Mexico City March 5th, 2024.

This Tuesday, February 27, 2024, Senator Ricardo Monreal, of the Morena political party, presented a bill entitled “Federal Law Regulating Artificial Intelligence”. The bill includes, among others, the following provisions:

a) The bill provides extraterritorial effect, so the law would be applicable even to providers of Artificial Intelligence Systems (AIS) located abroad that offer services in Mexico or whose information generated is used in Mexico.

b) The regulator in charge of authorizing AIS providers will be the Federal Telecommunications Institute (IFT, in its Spanish acronym). In addition, the bill proposes the creation of a National Artificial Intelligence Commission, as an advisory body to the IFT, which will be formed by scientists.

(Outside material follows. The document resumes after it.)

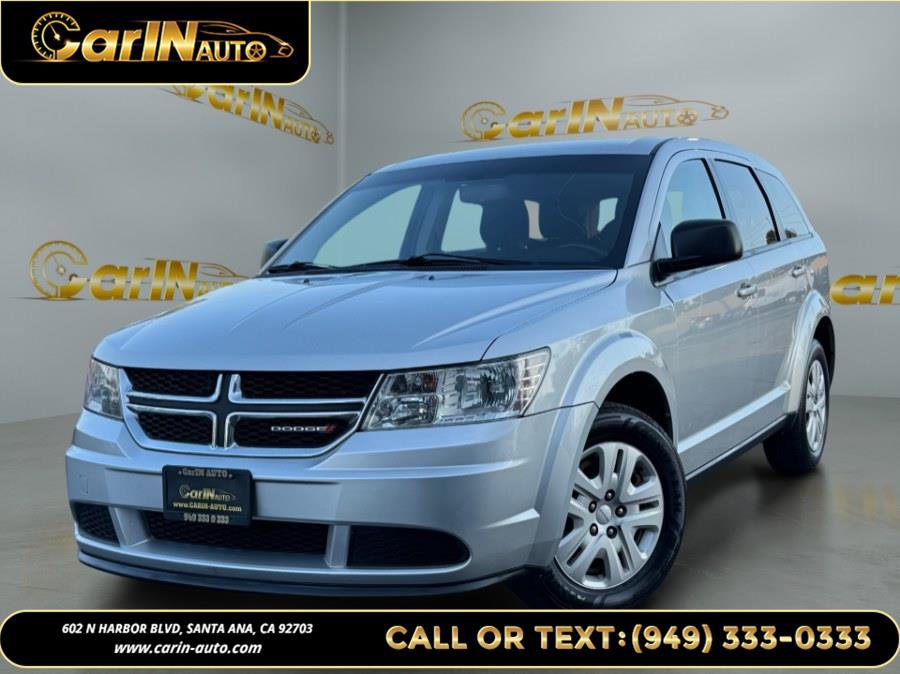 Used 2014 Dodge Journey American Value Package w/ Flexible Seating Group FWD image 1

c) The bill proposes to classify AIS according to the risks they may trigger, similar to the European Union (EU) regulation. The risk classifications proposed are: «Unacceptable Risk», «High Risk» and «Low Risk», and each classification will have certain particularities.

d) Prior authorization from the IFT will be required to offer AIS in Mexico, even in those cases where AIS is offered free of charge. e) The bill establishes as a penalty for non-compliance up to 10% of the annual income of the infringing entities.

This bill joins the international trend that seeks to regulate the use of Artificial Intelligence, although it is not the first effort in Mexico in this regard. There are important international precedents in this area, such as the “Executive Order for the Safe, Secure and Reliable Development of Artificial Intelligence” issued by the President of the United States of America, the bill to regulate artificial intelligence in Chile and the “Artificial Intelligence Law” proposed in the EU.

The bill presented by Senator Monreal is greatly inspired by the EU and Chile proposals. Additionally, this bill establishes a regulatory framework based on authorizations and fines that could have an important effect on the development and commercialization of AIS in Mexico.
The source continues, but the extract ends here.